Complete and thorough management of the patient implies that fibromyalgia should be high in the differential when a patient has a complaint of widespread pain; however, other possible diagnoses should be excluded if any are clinically suspected. Rheumatic diseases such as systemic lupus erythematosus (SLE), rheumatoid arthritis,[10,11] and Sjögren syndrome (SS) also present with generalized fatigue, arthralgias, and myalgias. Additionally, the prevalence of these diseases is higher among patients with fibromyalgia than it is in the general population.[12,13] However, certain characteristics are more specific to these diseases and are not found in patients with fibromyalgia alone.
Serologic tests such as ANA and RF are not useful for differentiating these conditions from fibromyalgia. A prospective study conducted by Dinerman et al evaluated 118 patients with fibromyalgia and found that 14% had a positive ANA finding; however, 5%-10% of healthy women also have a positive ANA finding usually with low titers of the antibody. Similarly, RF is not specific to RA only and is positive in 5% of the general healthy population. Furthermore, a positive RF test result does not suggest the diagnosis of RA if the patient, like the one in this case, does not have signs and symptoms of RA; these primarily include painful, swollen joints or evidence of prior active arthritis, including limited range of motion or radiographic changes. More specific laboratory findings include positive anticyclic citrullinated peptide (anti-CCP) and anti–mutated citrullinated vimentin (anti-MCV) test results. These findings more strongly suggest RA or pre-RA; however, RA cannot be diagnosed in the absence of objective joint inflammation.

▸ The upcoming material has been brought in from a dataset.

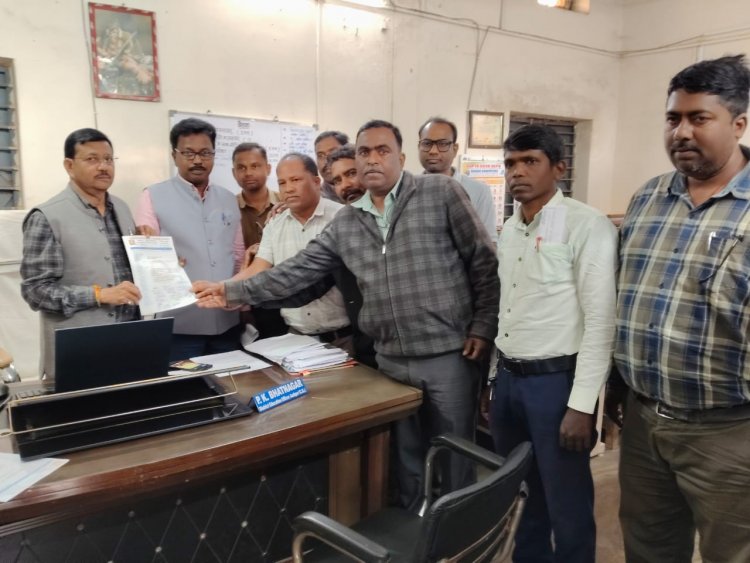 जशपुर: प्राथमिक शाला प्रधान पाठक के रिक्त पदों पर पदोन्नति की मांग, फेडरेशन ने DEO को सौंपा ज्ञापन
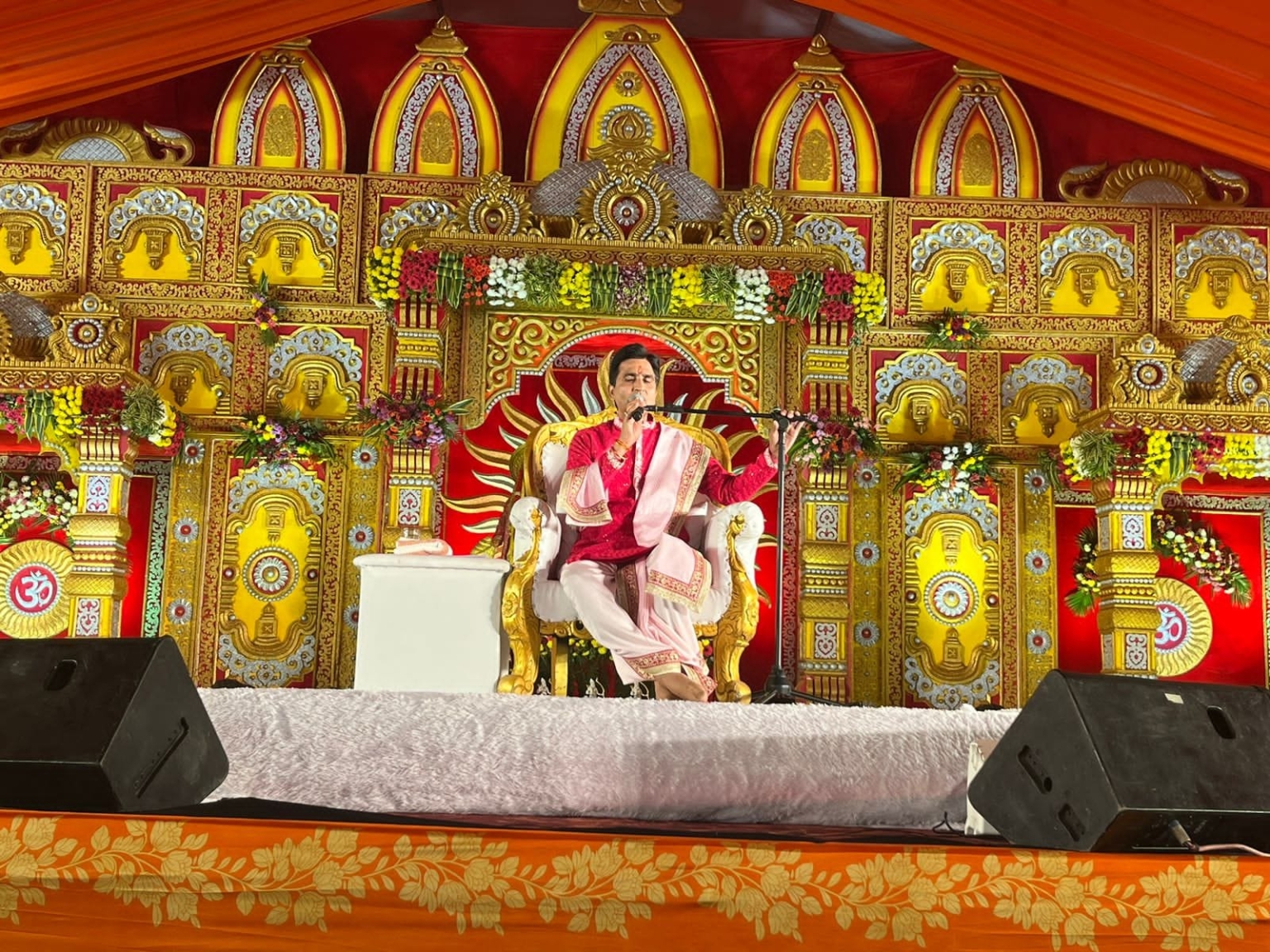 चंडीगढ़ नहीं, लगता है अयोध्या पहुंच गया हूँ : कुमार विश्वास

Patients with SLE may present with a facial butterfly rash; more specific serologic tests, such as anti-ds-DNA and anti-Sm antibodies, should be obtained if clinical suspicion for this disease is high.
Patients with SS present with complaints of xerophthalmia and xerostomia (dry mouth and eyes). In addition, serologic test results that are positive for antibodies to anti-SS-A and anti-SS-B are indicative of the disease.

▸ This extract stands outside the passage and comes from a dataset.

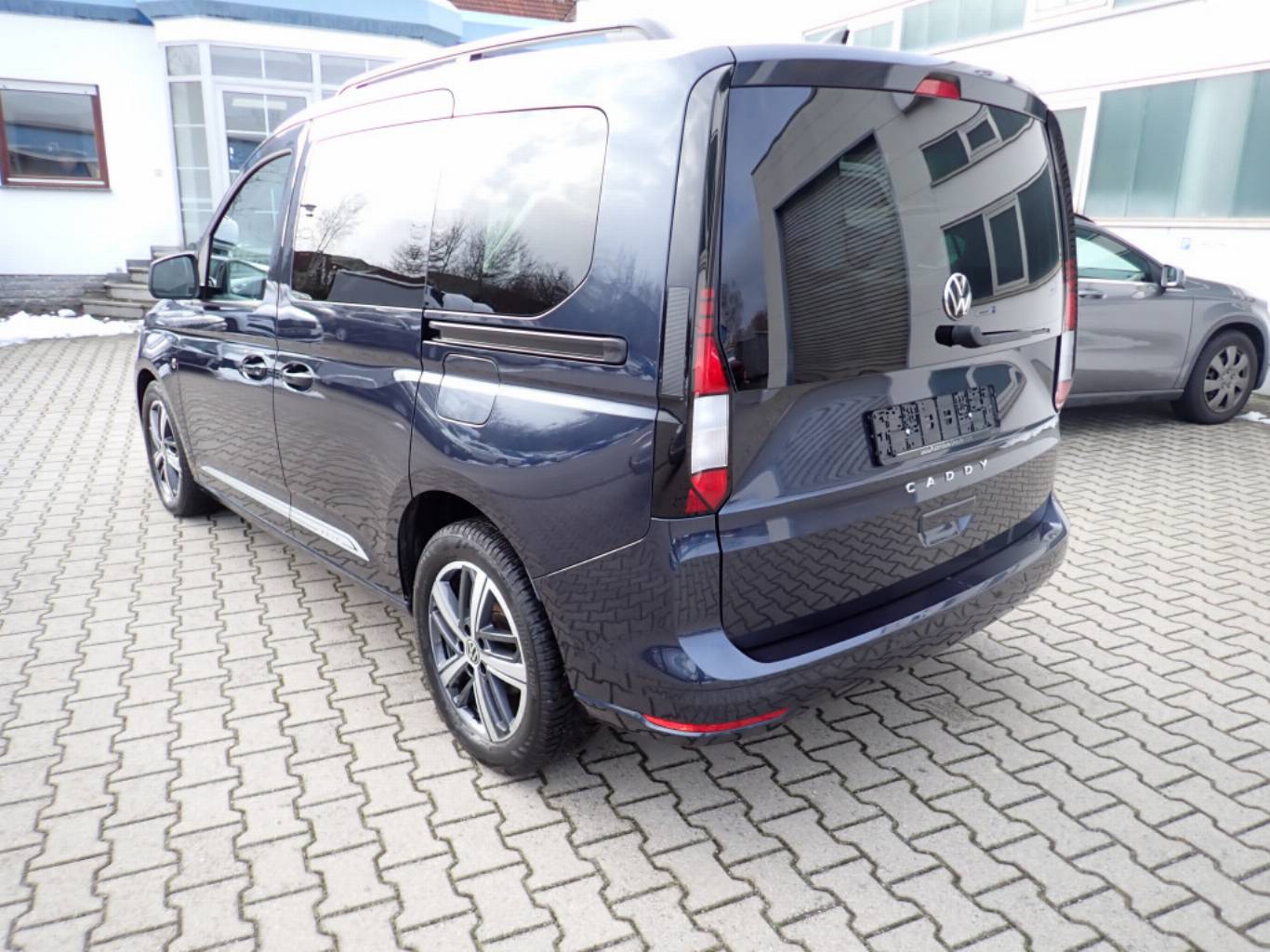 VOLKSWAGEN Caddy 2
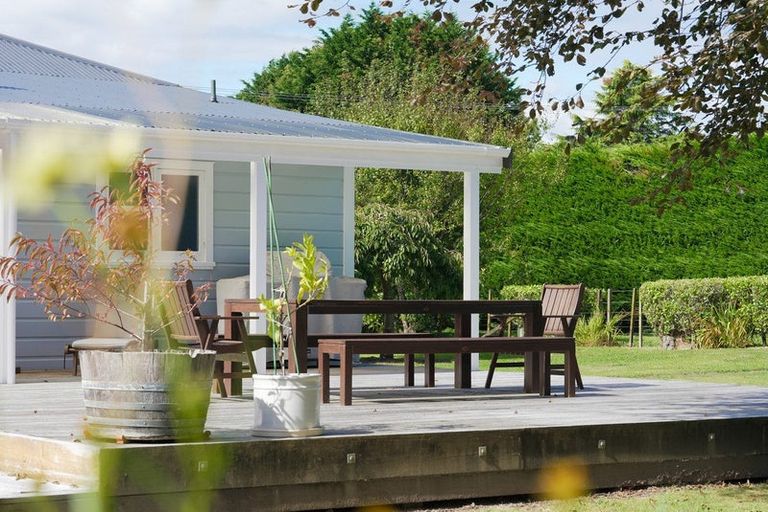 Photo of property in 46 School Road, Te Horo, Otaki, 5582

Ankylosing spondylitis may present with fatigue and stiffness, but patients have limited axial spine mobility, as well as the characteristic "bamboo spine" and fused sacroiliac joints findings on radiography. The inflammatory changes that affect the axial spine can be diagnosed earlier with MRI.
Patients with myositis will present with myalgias, but their creatine kinase levels will be elevated. Additional considerations in the differential diagnosis of fibromyalgia that may need to be excluded with specific lab tests or imaging include multiple sclerosis, polymyalgia rheumatica, Lyme disease and other chronic infections (eg, mononucleosis, hepatitis), endocrine disorders (Cushing syndrome, hyperparathyroidism), and myofascial syndrome.